Sometimes I feel like I am stupid for giving it as much time as I have already. I so don't want to give up. But, if he has not even seen a glimmer of reality after 6 weeks living with his mother, will he ever?

It's not like this came out of the blue. The past year has been nothing but up and down, mostly down. And, when I didn't think things could get much worse, they did, over and over again. And now, even though things are as dire as they are, he still can't see what the problems are. He just wants to keep blaming everything and everyone else. All he can do is whine about how much pain he is in, but he makes no moves to do anything about it.

So, I guess in a way I have answered my own question... It has been such a hard day because I basically have started the clock ticking. I am torn by all of my feelings right now. Part of me hopes and prays he will finally wake up. But, so many people have told me that guys like my husband do not change. Part of me almost hopes he won't wake up and we can just move on. In some ways that would be easier - actually, in a lot of ways that would be easier. And when I think about how much easier it would be I sometimes wonder why I don't just take that path.
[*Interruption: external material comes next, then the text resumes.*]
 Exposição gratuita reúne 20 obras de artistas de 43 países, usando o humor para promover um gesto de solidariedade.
I guess another thing that is bothering me is the biopsy I am having on Thursday. I am trying not to stress over that because I honestly don't think it will turn out to be anything. And, worrying about it won't do any good anyhow. But, along with that, is the fact that, on Saturday I mentioned it to my husband and he said he had forgotten all about it. I was so shocked I didn't ask, but did he really mean he forgot? Had he really, totally and completely forgotten that his wife was going to have a breast biopsy? Or did he mean that it had momentarily slipped his mind? Had he been thinking about it off and on since I told him, or did he really forget? The way he said it, I am under the impression that he really and truly forgot because he is so wrapped up in himself. I guess I could ask for clarification, but I am not sure I want to know the answer. Maybe it is better to have the hope that I took it the wrong way and he didn't really mean he forgot. That would be awful. Could a person that claims to love somebody so much really forget something so important?
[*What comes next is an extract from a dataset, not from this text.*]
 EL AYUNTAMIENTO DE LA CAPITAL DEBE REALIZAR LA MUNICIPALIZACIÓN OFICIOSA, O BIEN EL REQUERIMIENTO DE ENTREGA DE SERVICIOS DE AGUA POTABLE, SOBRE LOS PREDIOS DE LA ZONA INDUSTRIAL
Ugh - sometimes I wish I drank! I just don't feel I am going to get much sleep tonight. Some days I just start to feel depressed. Like I just want to lie down in bed and cry and not do anything. But, life goes on. That is what my husband doesn't understand. He can go to his mom's and just deal with his feelings. He can lie in bed and cry when he gets home from work and not do anything else the entire day. If he wanted to he could go to the beach, go to a movie, anything. I have the house and chores and responsibilities and my daughter to think about. Yes, she is 18 and she can take care of herself. But, she has been dragged through enough, I feel I have to keep it together for her. Keep things as normal and routine as possible.
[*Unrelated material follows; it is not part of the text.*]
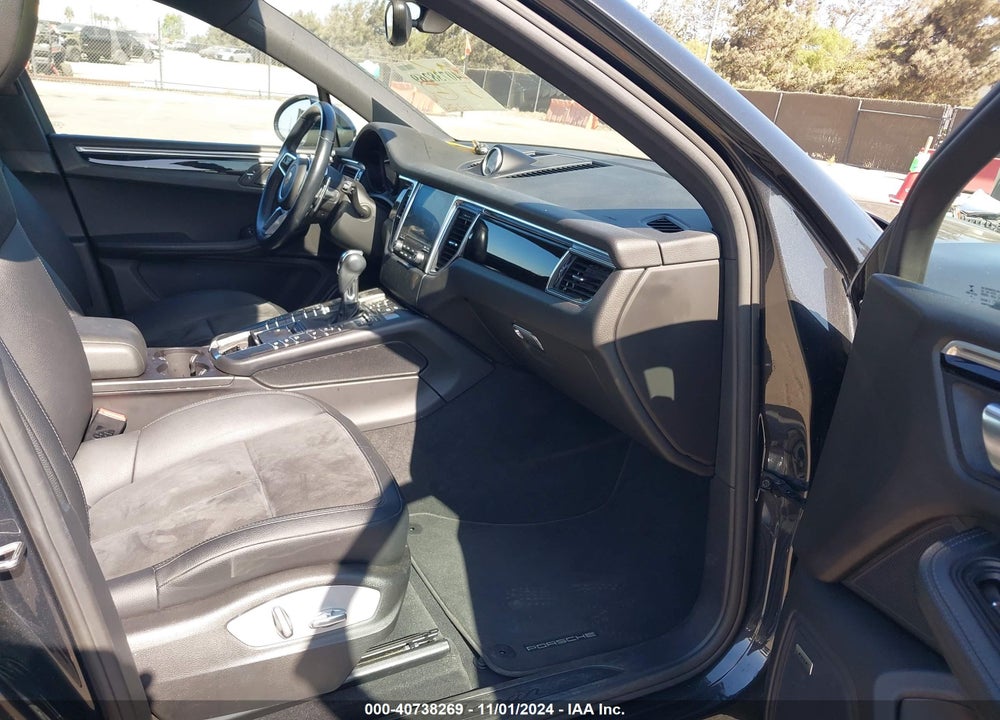 2017 PORSCHE MACAN VIN: WP1AA2A5XHLB02602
So, wow, speaking of pity parties! It does feel good to get that off my chest though. Thanks to anyone who slogged through all of that 

Sandy


----------



## MEM2020 (Aug 23, 2009)

It sure sounds like he will be doing you a favor in a sense by not fixing himself. He sure sounds broken. It is sad how these things sometimes work out so badly. 





sandyf said:


> Today has been hard for me - I don't know why. I guess it is because I sent my husband my list of things he needs to do if he wants to try and fix things. I also have given myself a deadline of sorts - the end of November. If I see no action by then I will file for divorce.
> 
> Sometimes I feel like I am stupid for giving it as much time as I have already. I so don't want to give up. But, if he has not even seen a glimmer of reality after 6 weeks living with his mother, will he ever?
> 
> ...


----------



## Corpuswife (Apr 24, 2009)

It's totally normal to feel these emotions. I know I still do...it's extremely frustrating when nothing changes. 

Hang in there.


----------



## sandyf (Apr 14, 2009)

Thanks guys 

So, the latest development is... Last Friday I went to the bank to see about taking myself off the joint account. They said that my husband would have to come in and sign a new signature card before they could do that. Well, Friday is his day off, so I called him and asked if he could do that. Last night I logged onto the account and found that there is only $4 in there! He set up another account for himself, but is also still using the joint account. So, I sent him a text to see if he had taken me off the account like I had asked. Of course, he has not replied. So now I will have to go to work late so that I can go to the bank and see if I am still on the account. I do not want to be responsible for an account I am no longer using. If I have to talk to a bank manager, or a lawyer to get off that account, I guess I will have to do whatever I have to since Mr. Responsible is not cooperating - surprise, surprise. I swear, every day it is something else *sigh*

Sandy


----------



## sandyf (Apr 14, 2009)

Well, I signed the papers yesterday to get the divorce started. It could get interesting from here on out.

We are getting the bank thing straightened out, but in the meantime he has, once again, acted very immature and said some choice things to me. He says he sold all his guns and put his mom down as the beneficiary on his 401k - neither of which I could really care about, but he seems to think he can just make things of value disappear.

He still insists that he is going to force a sale of the house. He said he can't stand the though of me "banging some other guy in our house". At that point I ended the conversation  

Yesterday I found out that a house down the street (a house larger than ours) went on the market for $200k. We have a $289 mortgage, so maybe I should let him force the sale and he can help me get out of this financial mess he helped get me into. 

So - here we go - things will be interesting, to say the least!

Sandy


----------